**WHAT YOU NEED TO DO**.
Give the records again exactly. Pictures do not belong in the copy.

___ DATA FOR THE TASK

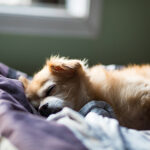 愛する犬との最期の別れ 〜犬の火葬に関する全知識
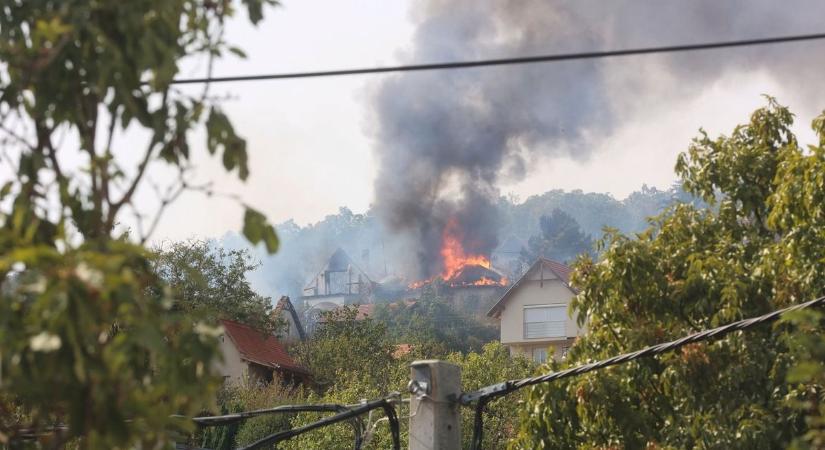 Patacsi tűzvész: szerdán tartják az első tárgyalást a Pécsi Járásbíróságon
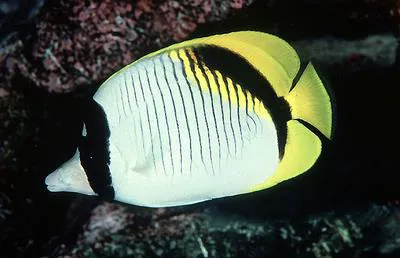 Lined butterflyfish (Chaetodon lineolatus)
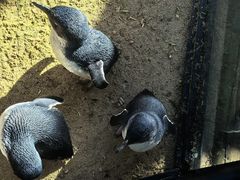 -费瑟代尔野生动物园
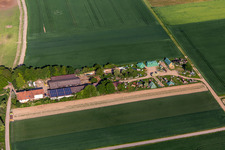 Gehegeweg in Altdorf im Bundesland Rheinland-Pfalz, Deutschland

______

**TASK RESULT**.
 愛する犬との最期の別れ 〜犬の火葬に関する全知識
 Patacsi tűzvész: szerdán tartják az első tárgyalást a Pécsi Járásbíróságon
 Lined butterflyfish (Chaetodon lineolatus)
 -费瑟代尔野生动物园
 Gehegeweg in Altdorf im Bundesland Rheinland-Pfalz, Deutschland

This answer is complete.